> **Your goal**: Your copy should hold only the lines from the one with "An important point: a" to the one with "In Learning Outcome", both included, each exactly as it stands below, with no pictures.

> **Information given**:
**********

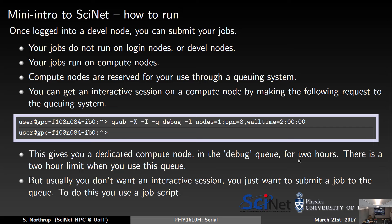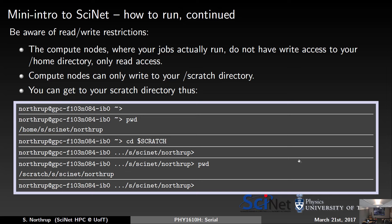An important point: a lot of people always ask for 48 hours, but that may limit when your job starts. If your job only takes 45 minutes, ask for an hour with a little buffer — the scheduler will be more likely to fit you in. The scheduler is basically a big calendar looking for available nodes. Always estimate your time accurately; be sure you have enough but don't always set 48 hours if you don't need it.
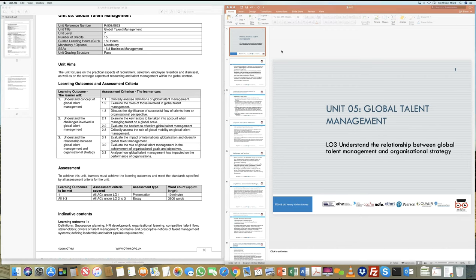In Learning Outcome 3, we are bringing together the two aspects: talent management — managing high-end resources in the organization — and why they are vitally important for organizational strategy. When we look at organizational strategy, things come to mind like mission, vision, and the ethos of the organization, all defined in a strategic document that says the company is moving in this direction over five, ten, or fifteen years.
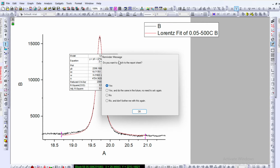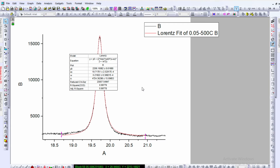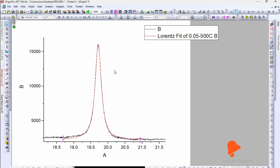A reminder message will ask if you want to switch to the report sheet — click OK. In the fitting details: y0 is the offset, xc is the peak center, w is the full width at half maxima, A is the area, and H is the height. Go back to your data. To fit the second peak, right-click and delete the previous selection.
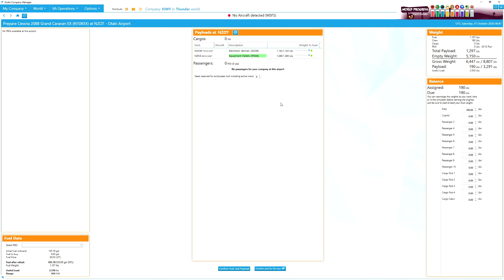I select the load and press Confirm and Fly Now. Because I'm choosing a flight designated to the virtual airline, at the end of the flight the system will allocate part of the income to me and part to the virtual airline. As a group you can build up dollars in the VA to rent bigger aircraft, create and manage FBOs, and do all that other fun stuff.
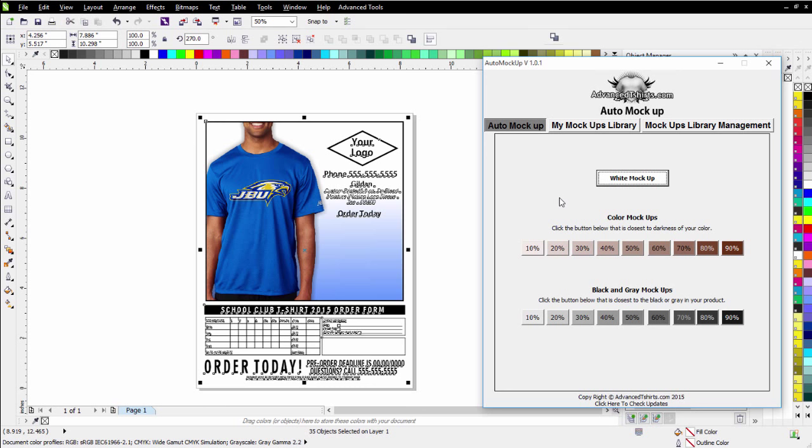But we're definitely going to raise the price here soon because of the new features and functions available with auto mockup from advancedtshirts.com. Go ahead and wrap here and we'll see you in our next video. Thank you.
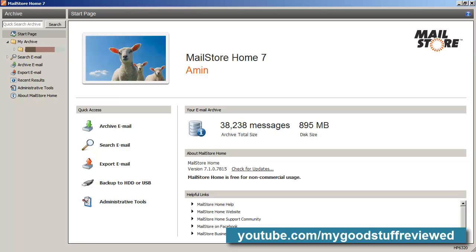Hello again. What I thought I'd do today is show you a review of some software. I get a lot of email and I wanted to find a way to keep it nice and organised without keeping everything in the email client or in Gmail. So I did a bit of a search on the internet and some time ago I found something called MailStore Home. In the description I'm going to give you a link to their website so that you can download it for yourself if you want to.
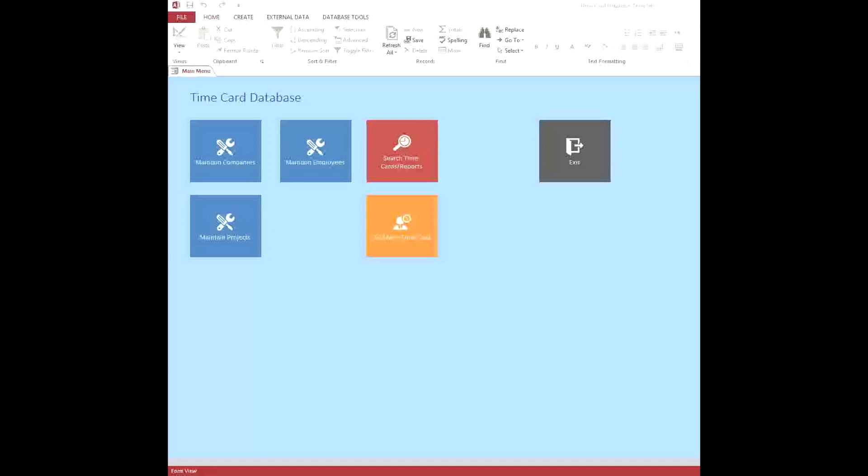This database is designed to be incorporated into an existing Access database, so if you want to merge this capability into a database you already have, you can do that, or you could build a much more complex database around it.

**********

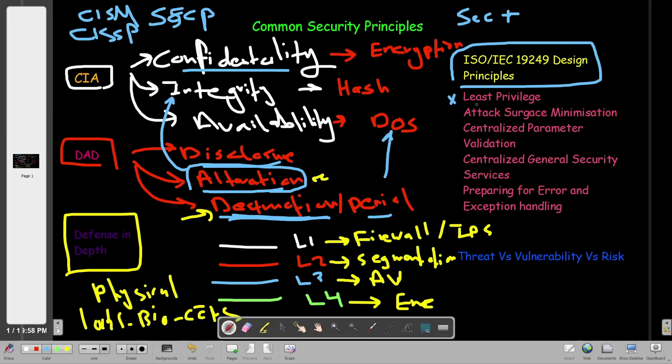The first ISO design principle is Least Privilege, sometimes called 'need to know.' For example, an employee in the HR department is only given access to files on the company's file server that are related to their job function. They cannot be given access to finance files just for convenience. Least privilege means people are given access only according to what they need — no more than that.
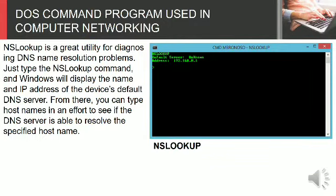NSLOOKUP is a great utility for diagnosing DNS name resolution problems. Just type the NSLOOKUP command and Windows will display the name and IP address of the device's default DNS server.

**********

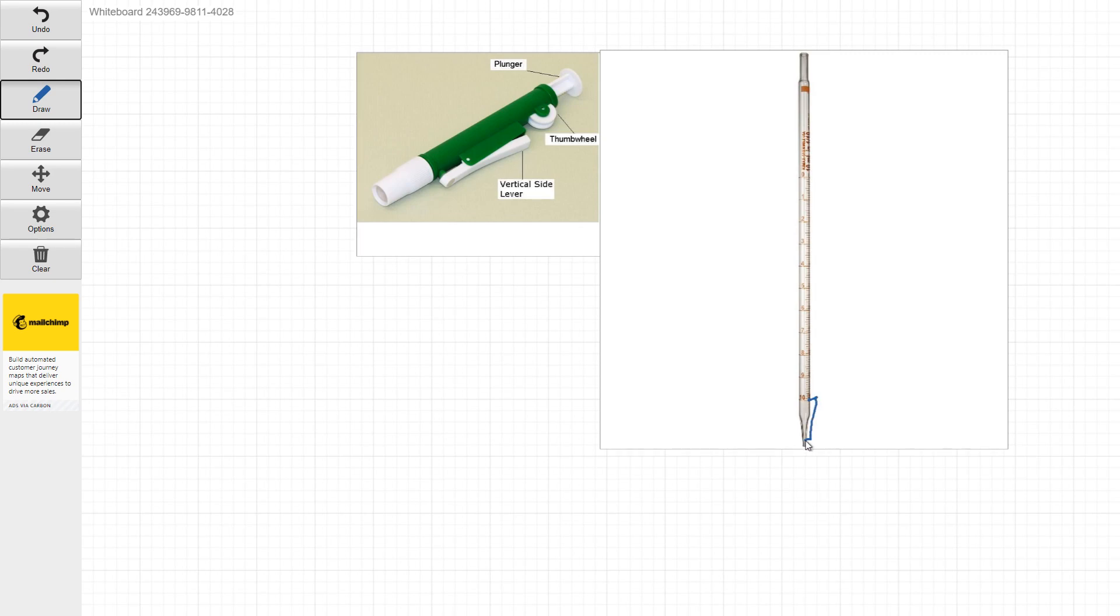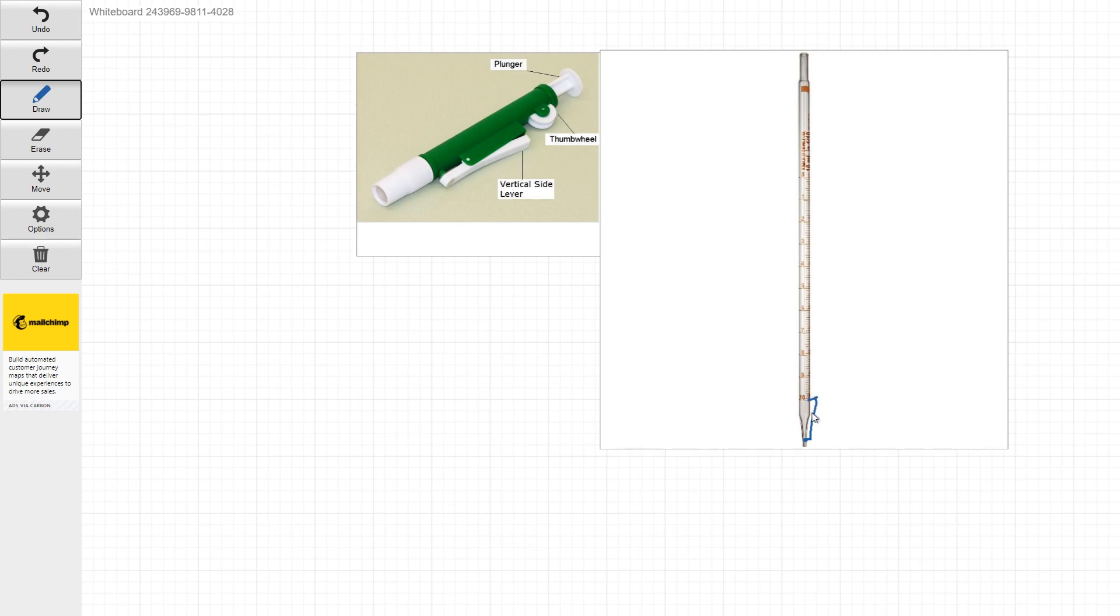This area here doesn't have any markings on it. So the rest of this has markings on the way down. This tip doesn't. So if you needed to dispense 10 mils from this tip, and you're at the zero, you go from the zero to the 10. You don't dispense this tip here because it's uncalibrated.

**********

> **Answer to this exercise**:
An important point: a lot of people always ask for 48 hours, but that may limit when your job starts. If your job only takes 45 minutes, ask for an hour with a little buffer — the scheduler will be more likely to fit you in. The scheduler is basically a big calendar looking for available nodes. Always estimate your time accurately; be sure you have enough but don't always set 48 hours if you don't need it.
In Learning Outcome 3, we are bringing together the two aspects: talent management — managing high-end resources in the organization — and why they are vitally important for organizational strategy. When we look at organizational strategy, things come to mind like mission, vision, and the ethos of the organization, all defined in a strategic document that says the company is moving in this direction over five, ten, or fifteen years.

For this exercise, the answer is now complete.